Since his arrival in Northeast Ohio from Division II’s Wayne State College in 2018, Kielsmeier has transformed a program of only sporadic consequence into one of the nation’s strongest mid-majors.
To that point, he has won 154 times in seven seasons, a victory total good for second place in school history (the present leader, Kate Peterson Abiad, required 15 years to accumulate her 206 wins). During the last three campaigns, CSU won 30, 29, and 27 games, the three highest totals ever posted by the Vikings. Kielsmeier’s teams have earned an additional pair of additional 20-win seasons, after Cleveland State had only reached that common success benchmark twice prior to 2018.
Kielsmeier has also more than doubled the Vikings’ banner population, including a pair of Horizon League championships (a tournament crown in 2022-23, and a regular season title in 2023-24), and postseason appearances ending each of the last five seasons. Highlights of that streak include the 2021 Women’s Basketball Invitational championship, a bid to the 2023 NCAA Tournament, and this spring’s march to the WNIT’s Fab 4. He has coached the last three HL Players of the Year, including Destiny Leo (2022-23), Colbi Maples (2023-24), and Mickayla Perdue (2024-25).
His overall record – including his time at Wayne State and Division III’s Howard Payne – boasts 568 career wins, the 115th-highest total ever across all three NCAA divisions, and 40th among active coaches.
Off the court, Cleveland State presently maintains a 3.66 cumulative grade point average, while more than 70 Vikings have received Horizon League Honor Roll recognition during Kielsmeier’s tenure. CSU’s long list of recent community initiatives includes work with Rainbow Babies, RAKE, Campus International School, Adopt-A-Family, and Lift Up Vikes!
Those successes helped lead to a previous extension for Kielsmeier after the 2022-23 season, though that negotiation was managed by former athletic director Scott Garrett. The new extension is the second time that current CSU boss Kelsie Gory Harkey has signed a contract with a head basketball coach, following the hiring of Rob Summers to lead the Vikings men’s program in April.
“Coach Kielsmeier has demonstrated remarkable leadership and an unwavering commitment to excellence, on and off the court, throughout his tenure at Cleveland State University,” Gory Harkey said in the school’s release. “He is dedicated to developing student-athletes as people, students and athletes who excel academically and represent our University with pride. I am so thrilled Coach Kielsmeier will continue to coach the young women in our program for years to come and elevate Cleveland State women’s basketball.”

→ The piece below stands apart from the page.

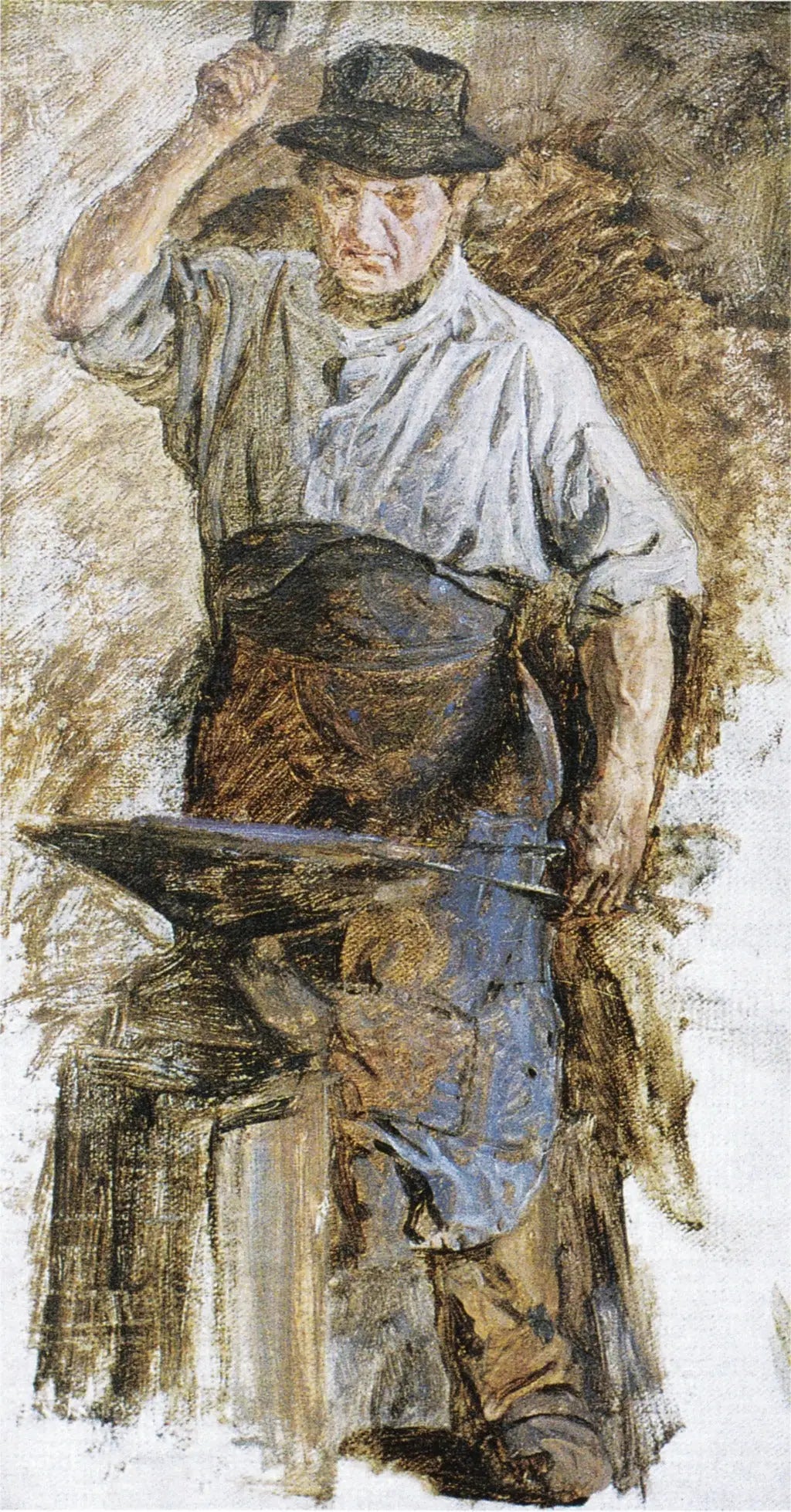 Le forgeron Hans Pedersen de Hornbæk. Étude.. - Peder Severin Krøyer - Alpha Reproduction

For a successful mid-major coach like Kielsmeier, however, contract extensions are less about job security and past successes than they are about providing some certainty for the school, at least in the short term, dictated largely by the contract’s buyout terms.
The buyout established in Kielsmeier’s 2023 extension was set to drop to zero on July 1st, and the new deal undoubtedly resets that number at a level high enough to deter (some) external suitors for a couple years, while offering raises for the head coach and his staff. It also signals a bit of continuity for a program that desperately needed it, after losing most of its players to the transfer portal in the spring.